“…as do Mark, Aristarchus, Demas, Luke, my fellow laborers.”
as do Mark,
Mark was the nephew of Barnabas (Co 4:10; Ac 12:12). His mother, Mary, had a large house in Jerusalem where the church assembled for prayer (Ac 12). Barnabas was the brother of Mary. Peter led Mark to Christ (1 Pe 5:13).
Paul and Mark had a severe falling out (Ac 15:38-40; 2 Ti 4:11) because Mark wanted to go home to his mother. He found the going rough. Missionary work was too difficult for him. His first attempt at missions was a complete failure. When Barnabas later attempted to take Mark again on a missionary journey, Paul would have none of it, “Mark is not going this time.” As a result of this, a great schism occurred between Paul and Barnabas. Paul took Silas instead of Barnabas. Barnabas parted ways with Paul and took Mark on a separate way.
Later, Mark grew in maturity and by the writing of Colossians and Philemon. Paul and Peter both affirm the value of Mark in ministry.
John Mark made good on his second attempt. He finished strong. One indication of this is that Mark’s name is listed here. Mark himself is a reminder of the forgiveness that Philemon needs to extend to Onesimus.
2 Ti 4:11, “Only Luke is with me. Get Mark and bring him with you, for he is useful to me for ministry.”
1 Peter 5:13, “She who is in Babylon, elect together with you, greets you; and so does Mark my son.”
God is a God of second chances.
Some of us do not start well, but we end well, and that is what counts. When it comes to Christian work, it does not matter how poorly you begin; what really counts is how well you finish. The score at half time is not nearly important as the score at the end of the game.
If we do not have tenacity in ministry, we will become cynical, critical, negative, and bitter. If God leads us into ministry, we must love people, including our detractors. We understand that our critics keep us from pride.
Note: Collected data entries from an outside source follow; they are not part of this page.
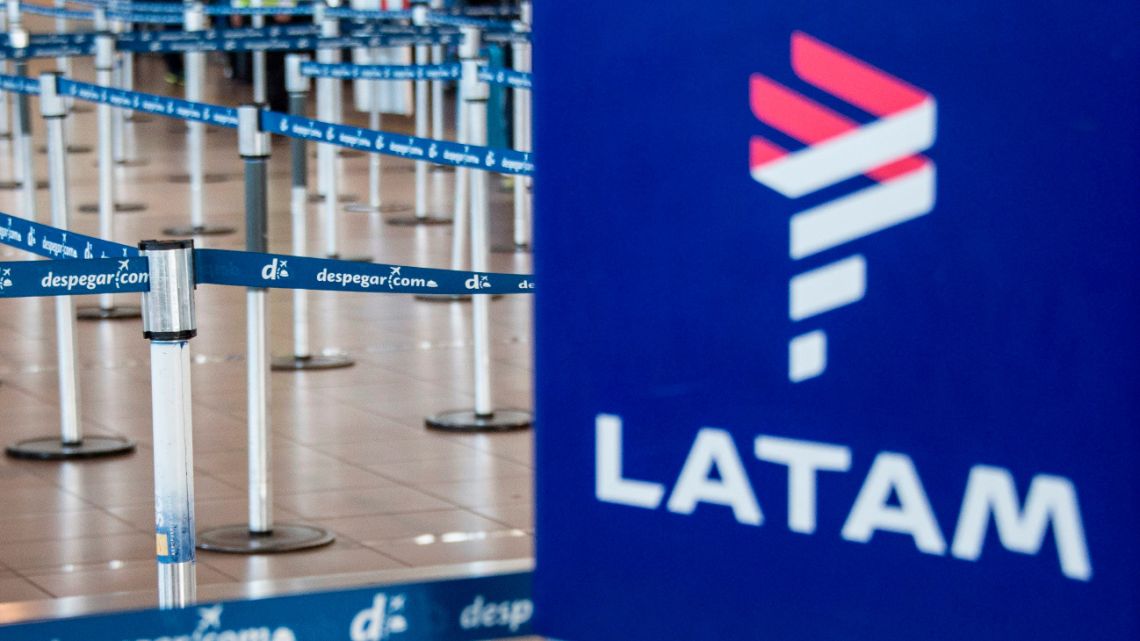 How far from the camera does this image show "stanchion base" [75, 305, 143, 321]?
9.70 m

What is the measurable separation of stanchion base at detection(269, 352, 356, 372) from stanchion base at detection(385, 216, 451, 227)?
4141 mm

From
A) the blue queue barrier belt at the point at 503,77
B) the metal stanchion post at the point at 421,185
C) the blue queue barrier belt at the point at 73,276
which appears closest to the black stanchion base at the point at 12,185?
the metal stanchion post at the point at 421,185

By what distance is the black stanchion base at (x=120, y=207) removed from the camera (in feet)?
42.9

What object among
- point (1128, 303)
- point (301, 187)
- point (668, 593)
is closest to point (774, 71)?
point (1128, 303)

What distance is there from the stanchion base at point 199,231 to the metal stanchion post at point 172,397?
346 inches

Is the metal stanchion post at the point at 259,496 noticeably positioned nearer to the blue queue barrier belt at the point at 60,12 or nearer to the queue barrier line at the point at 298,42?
the queue barrier line at the point at 298,42

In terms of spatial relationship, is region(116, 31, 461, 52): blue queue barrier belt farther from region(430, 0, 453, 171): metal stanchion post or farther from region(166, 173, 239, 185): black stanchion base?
region(166, 173, 239, 185): black stanchion base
How many people go into the ministry and do not make it the first time? They are of sensitive spirits, and people hurt them. Criticism beats them down, and they become discouraged and leave the ministry. Then God gives them a second chance. In their second ministry, God uses them together in a marvelous way. Jonah was a failure the first time out, but God gave him a second chance. God is the God of second chances.
Do you have the caliber of character not to hold a grudge against someone who hurt you in the past? Can you let past injuries go by the boards?